GDL Masonry Supply, Inc. v Lopez and Rapid Masonry Supply, Inc. (November 2, 2016) is a handy opinion to hand your clients after they sign a settlement agreement requiring confidentiality. It is a risk too many clients do not take seriously enough (see, e.g., “Girl costs father $80,000 with ‘SUCK IT’ Facebook post“).
In GDL, the Dallas Court of Appeals affirmed summary judgment in favor of Rapid, the plaintiff, who refused to pay under a settlement agreement because GDL failed to satisfy the confidentiality requirements of the agreement. The facts were too common. GDL brought suit against Rapid, which settled by way of an agreement that required confidentiality and Rapid to make a series of $10,000 payments totaling $60,000 to GDL. GDL then told a third party that Rapid had stolen from it, that GDL won the lawsuit, and that Rapid owed GDL money as a result. When Rapid discovered what GDL said about their litigation, it sued asserting that it had no obligation to make the remaining settlement payments and also seeking attorney’s fees for breach of the confidentiality language. The trial court granted summary judgment to Rapid, holding that the confidentiality provision was breached, that Rapid had no obligation to make further payments, and awarding attorney’s fees.

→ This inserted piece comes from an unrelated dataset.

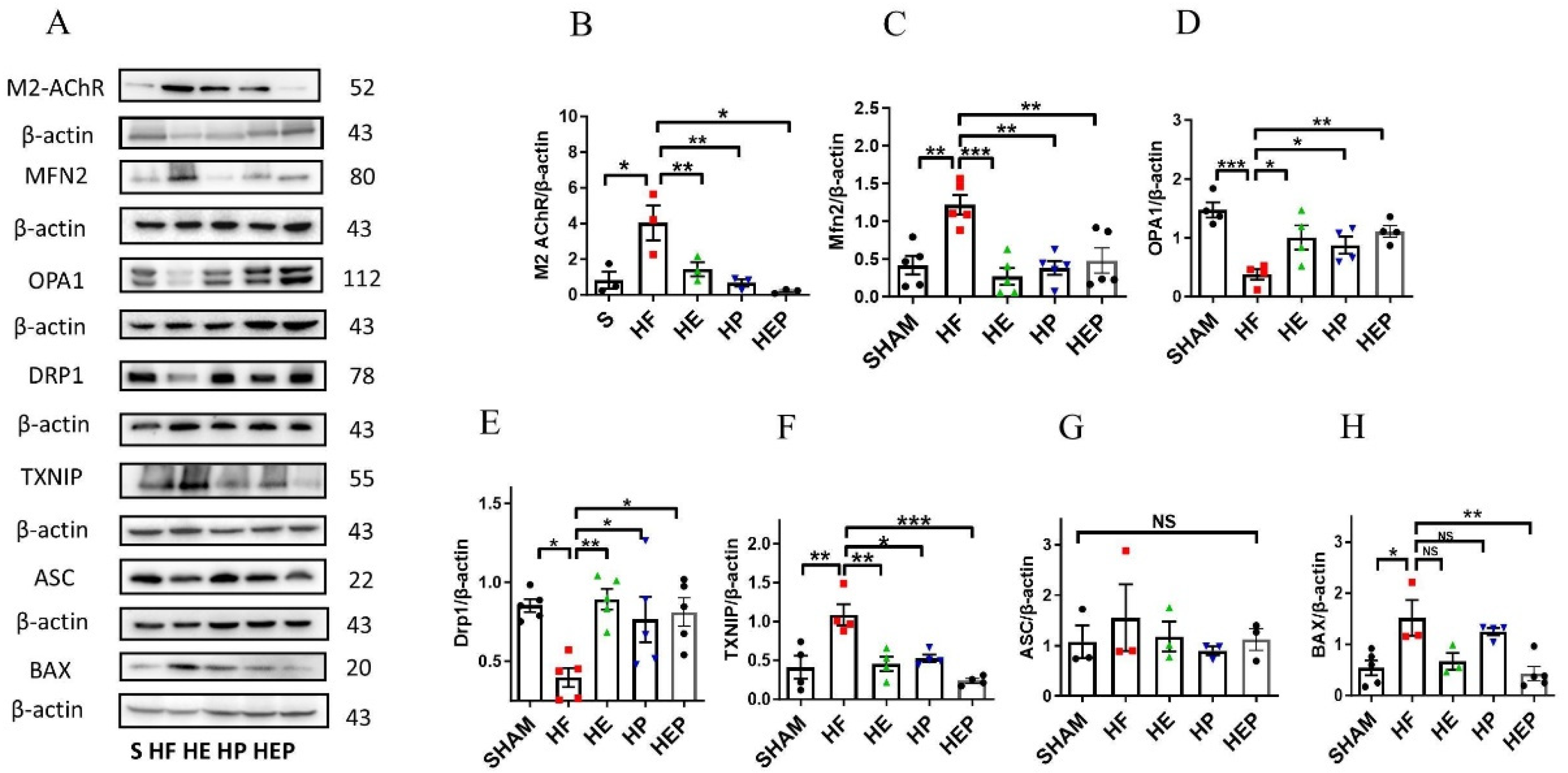 Antioxidants 14 00748 g006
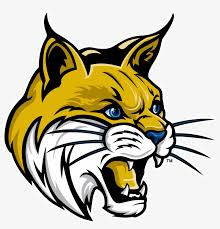 Villa Preparatory Academy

GDL’s argument on appeal did not deny the disclosure of the settlement, but instead challenged the materiality of the confidentiality provision. The Dallas Court of Appeals made swift work in rejecting this argument, noting that the settlement agreement itself stated that the confidentiality paragraph “is a material provision of this Agreement and that any breach of the terms and conditions of [the paragraph] shall be a material breach of this Agreement.” The Court held that the contract’s language was binding.